The paralytic effect on muscles injected
with BOTOX® Purified Neurotoxin Complex is useful in reducing the excessive,
abnormal contractions associated with blepharospasm. When used for the
treatment of strabismus, it
is postulated that the administration
of BOTOX® affects muscle pairs by inducing an atrophic lengthening
of the injected muscle and a corresponding shortening of the muscle’s antagonist.
Following peri-ocular injection of
BOTOX®, distant muscles show electrophysiologic
changes but no clinical weakness or other clinical change for a period
of several weeks or months, parallel to the duration of local clinical
paralysis.1 In one study, botulinum
toxin was evaluated in 27 patients
with essential blepharospasm. Twenty-six of the patients had previously
undergone drug treatment utilizing benztropine mesylate, clonazepam and/or
baclofen without adequate clinical results. Three of these patients then
underwent muscle stripping surgery still without an adequate outcome. One
patient of the 27 was previously untreated. Upon using botulinum toxin,
25 of the 27 patients reported improvement within 48 hours. One of the
other patients was later controlled with a higher dosage. The
remaining patient reported only mild
improvement but remained functionally impaired.

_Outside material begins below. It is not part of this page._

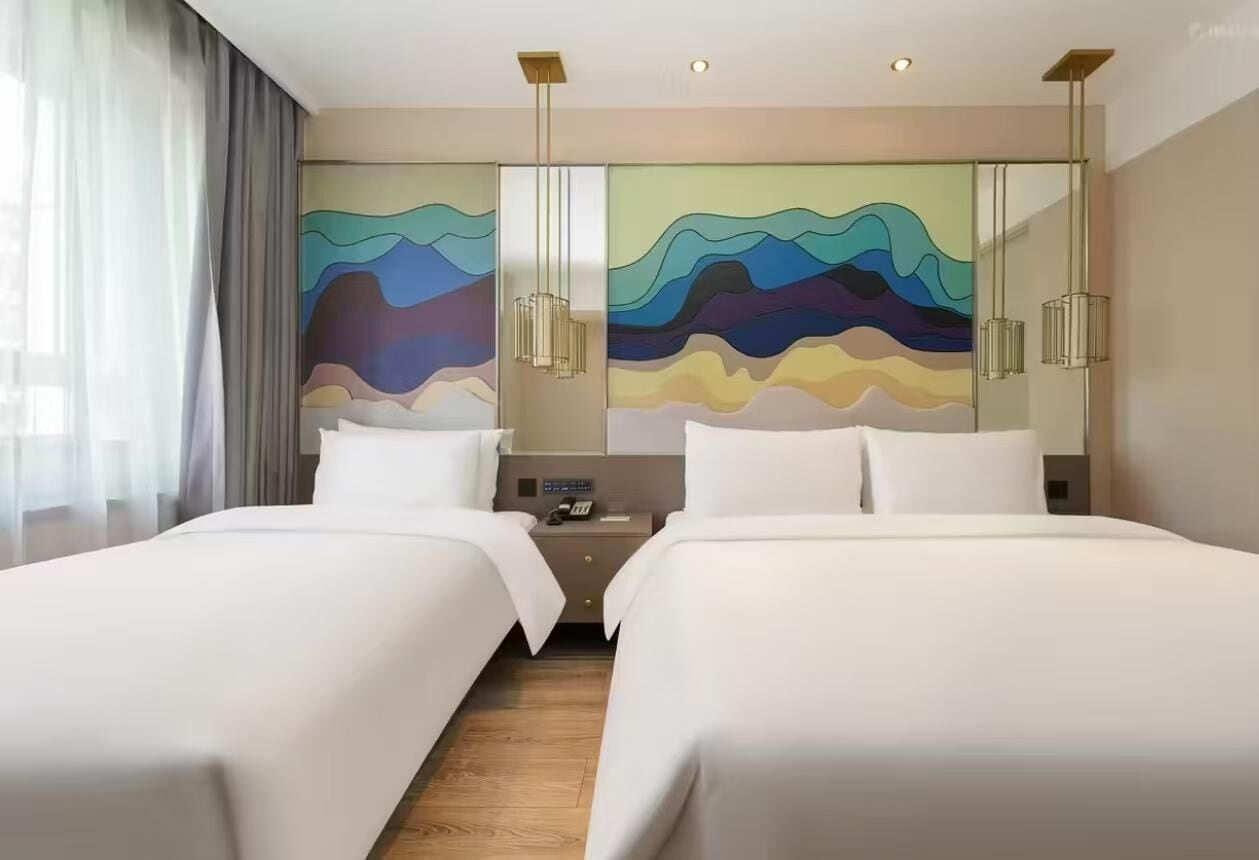 ห้องลักซ์ชัวรี่ทวิน | เครื่องนอนระดับพรีเมียม, ผ้านวมขนเป็ด, ตู้นิรภัยในห้องพัก, โต๊ะทำงาน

In another study, 12 patients with blepharospasm were evaluated in a double-blind, placebo-controlled study. All patients receiving botulinum toxin (n=8) were improved compared with no improvements in the placebo group (n=4). The mean dystonia score improved by 72%, the self-assessment score rating improved by 61%, and a videotape evaluation rating improved by 39%. The effects of the treatment lasted a mean of 12.5 weeks.
One thousand six hundred eighty-four patients with blepharospasm evaluated in an open trial showed clinical improvement lasting an average of 12.5 weeks prior to the need for re-treatment.
Six hundred seventy-seven patients with strabismus treated with one or more injections of BOTOX® Purified Neurotoxin Complex were evaluated in an open trial. Fifty-five percent of these patients were improved to an alignment of 10 prism diopters or less when evaluated six months or more following injection.5 These results are consistent with results from additional open label trials which were conducted for this indication.
INDICATIONS AND USAGE:
BOTOX® (Botulinum Toxin Type A) Purified Neurotoxin Complex is indicated for the treatment of strabismus and blepharospasm associated with dystonia, including benign essential blepharospasm or VII nerve disorders in patients 12 years of age and above.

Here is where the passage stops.